Women still have to prove themselves in spite of credentials while men are often taken at face value
Erica Hakonson, principal and founder of Maven Collective Marketing, a Squamish, British-Columbia-based digital marketing agency reveals that despite the fact of her owning a company, she is still questioned about her rates, and she often has to tell clients that she will prove to them that the job will be well done. “Unfortunately, in my experience, male peers are more likely to be taken at face value without having to justify their ability. Benchmarking and metrics have been a fixture of my career as a woman and a business owner to demonstrate my value. While this can be inconvenient at times, the skeptics have taught me that I’m enough and that the proof is in my work,” she writes. Also a mother, she recently joined the board of directors of an organization only to be asked if she had time for this sort of work. According to her, women are rarely celebrated if they have a family and are running a successful business, people forget that it is only because of this that women in business have become experts at managing their time all while balancing various roles at work and in the home.

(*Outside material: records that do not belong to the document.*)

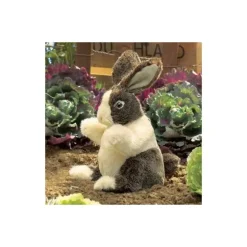 Peluche marionnette Bébé Lapin hollandais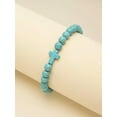 thumbnail image 2 of EOEMY Turquoise Cross Decor Beaded Bracelet For Women Crafted Jewelry Stackable-Default, 2 of 3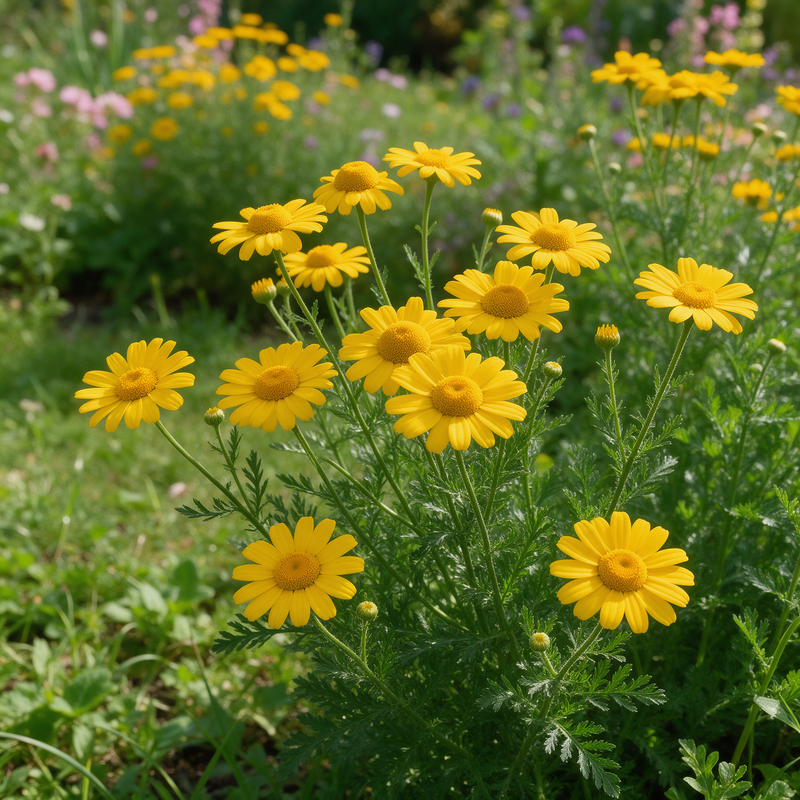 Anthemis tinctoria Dyer’s Chamomile flowering plant seeds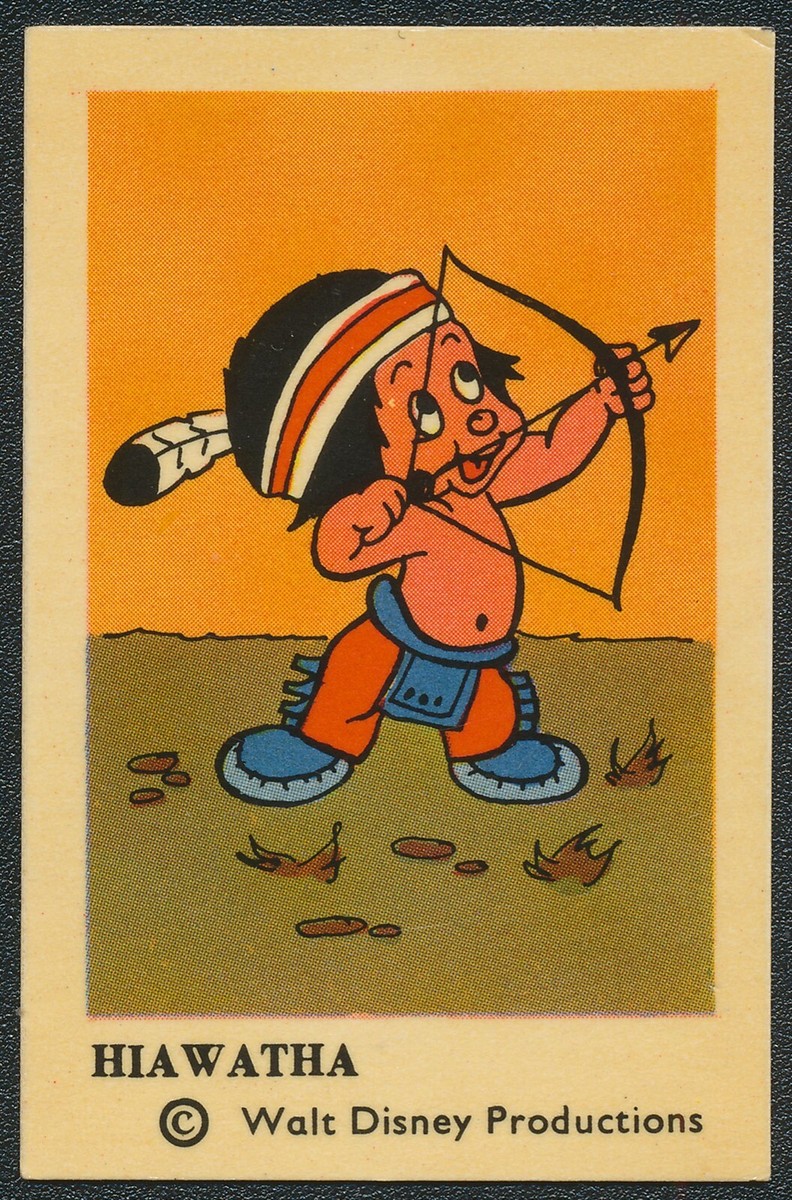 HIAWATHA 1963 WALT DISNEY SWEDISH TRADING CARD EX-MT/NM | eBay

“Female mentors helped me find my way then, and I count it a privilege now to pay it forward to other women – to show them they are capable”
Back in 2008, in the midst of the financial crisis in North America, she found herself without a job and having to move to Canada because of her husband. Not only did she have to work from the ground up again, but she decided she would try something different, entrepreneurship, saying, “I started my own business to give myself the opportunity and flexibility when I couldn’t find what I needed to move forward. Outstanding female mentors helped me find my way then, and I count it a privilege now to pay it forward to other women – to show them they are capable.” Hence, successful women pay it forward and hence she has made a commitment to extending a hand up to others and she suggests that others do the same too. If there is anyone in positions of power in the tech industry, they must definitely use to bring people up and pave the way for a better future for women in tech.